Mama was taking clothes from the washing machine and putting them in the dryer in our laundry room when I arrived. I whizzed past her and down the hall to my bedroom. It was a Friday and I had planned on going to a movie with my friends that night, so I needed to get ready quickly and be out the door. I sat the giant slushie on my nightstand just beside my bedroom door and crossed the hall to the shower.

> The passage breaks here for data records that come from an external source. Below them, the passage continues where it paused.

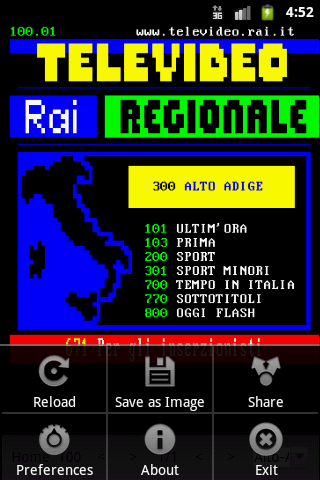 Televideo Teletext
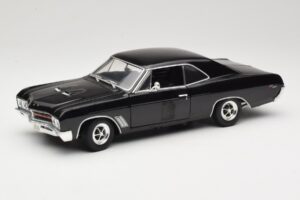 Buick GS 400 Melns American Muscle 1:18 33086 Metāls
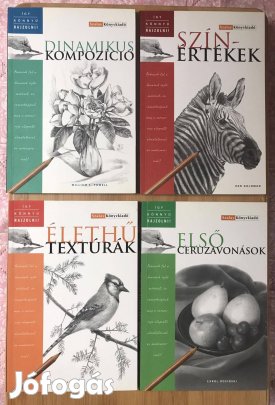 Így könnyű rajzolni Szalay könyvek egyben 6.000 Ft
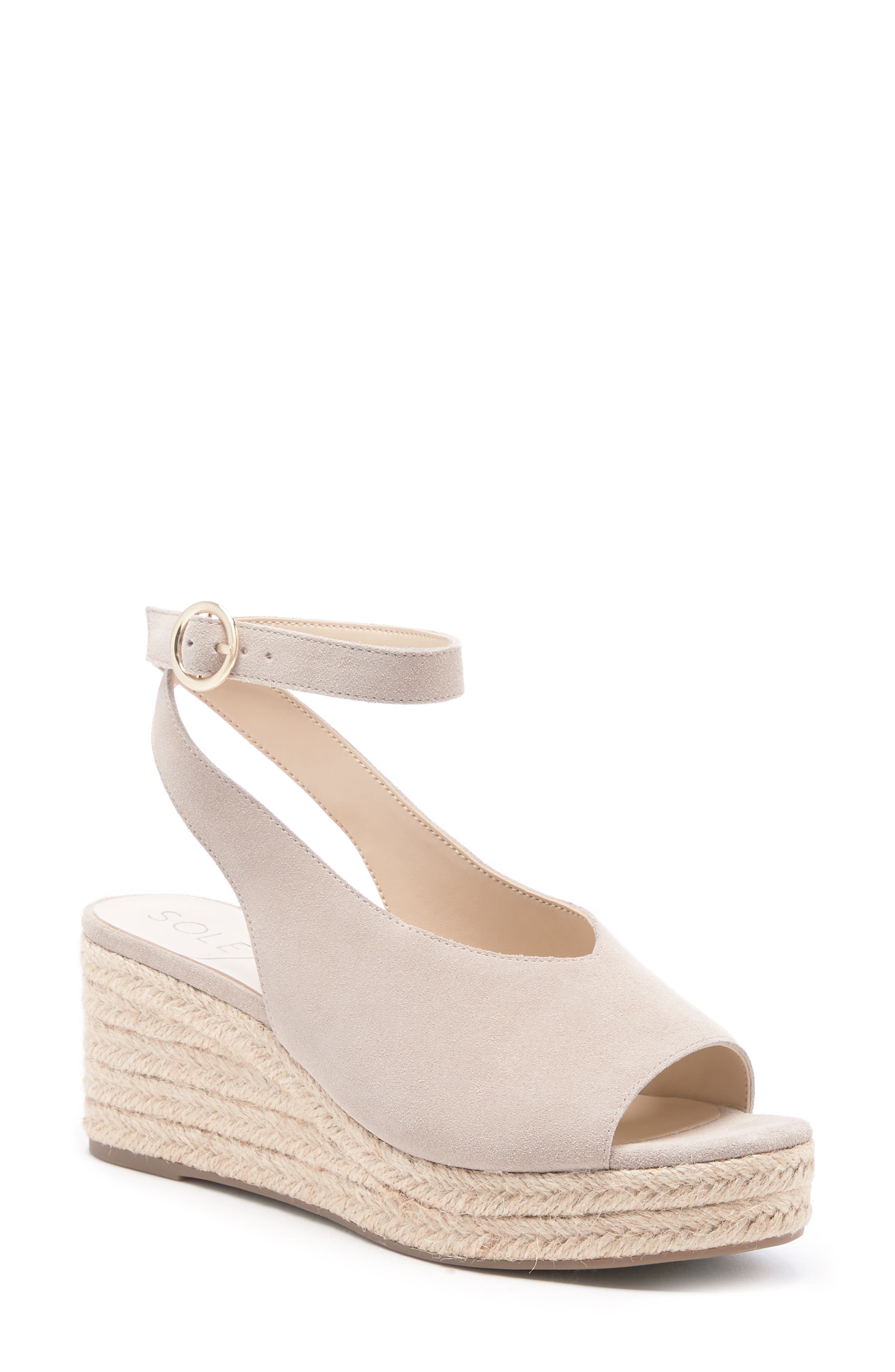 Sole Society Calyndra Wedge Sandal, Main, color, 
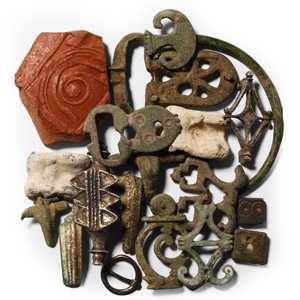 Roman Bronze and Other Mixed Artefact Group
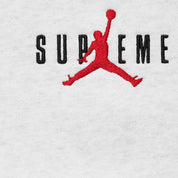 Supreme Jordan Hooded Sweatshirt (FW24) Ash Grey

After cleansing away the sweat of the afternoon, I threw on a t-shirt and sweats while I dried my hair and put on my make up. Then I searched through my closet to try and find something suitable to wear that night. My crush would be at the movies and I wanted to look perfect. Just then, I heard her walking down the hall. At that point, I’d almost completely forgotten about the slushie I’d left perched atop the nightstand just by my door.
As I was rummaging through a closet with more clothes than anyone should possess at one time, my mother came into the doorframe of my bedroom holding a basket of laundry.

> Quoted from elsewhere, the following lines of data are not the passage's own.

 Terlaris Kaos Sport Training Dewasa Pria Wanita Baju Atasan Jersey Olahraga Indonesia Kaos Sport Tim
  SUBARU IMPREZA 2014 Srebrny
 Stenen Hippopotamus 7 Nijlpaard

She prodded me a bit about filing my FAFSA. The deadline was coming up, and I was not excited at all starting college. She knew if she didn’t continue to question me about it, I wouldn’t get it done, and I wouldn’t be able to go to school the next fall.
“Did you fill out those papers yet?” she questioned from the doorway across the room.
My eyes didn’t stray from wardrobe search before answering her curtly.
“*Sigh* NO, I didn’t get to it yet.”
“Sarah Ann, listen to me. You HAVE to fill those out or you won’t be able to go to college! We don’t have the money to pay for you out of pocket.”
I popped back. “I know, mom! I’ll finish it this weekend!”
“You better!” she jolted back.
“Oh my god mom, I WILL!”
“Do it! And don’t get smart with me!”
As she walked away I mumbled what I though was beneath my breath, “Ughh. Betch.”
As soon as the breath floated from my mouth, I regretted what I said, for I knew there’d be hell to pay. I heard the laundry basket drop as heavy footsteps moved quickly down the hall. I knew I was in for it.
She stopped in the doorway and looked me dead in the eyes. I was standing across the room, still in my walk in closet when she spotted the huge slushie I’d left on my nightstand. I knew what was coming.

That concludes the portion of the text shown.